◆ **TASK BRIEF**
For the records below, print the lines from the line with "BMW 5-serie - 540i" through the line with "Honeymoon Glow Serum - Picture 3 of 4" exactly as written; include both end lines and exclude the rest.

◆ **DATA PROVIDED**
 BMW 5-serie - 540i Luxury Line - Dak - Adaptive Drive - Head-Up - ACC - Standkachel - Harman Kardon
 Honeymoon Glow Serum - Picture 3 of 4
* * *
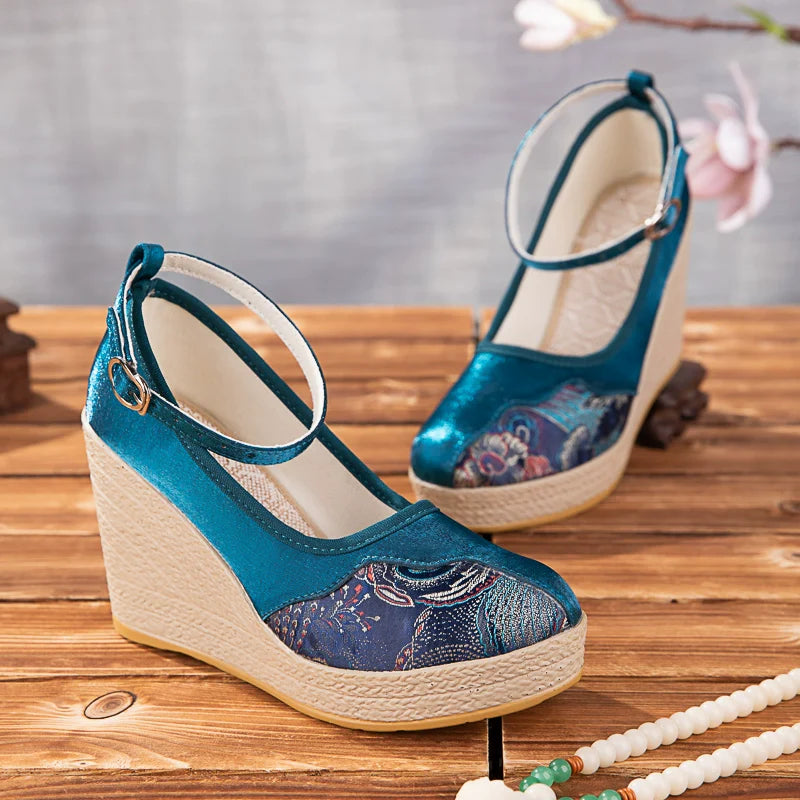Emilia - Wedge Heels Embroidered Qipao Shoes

◆ **EXERCISE SOLUTION**
 BMW 5-serie - 540i Luxury Line - Dak - Adaptive Drive - Head-Up - ACC - Standkachel - Harman Kardon
 Honeymoon Glow Serum - Picture 3 of 4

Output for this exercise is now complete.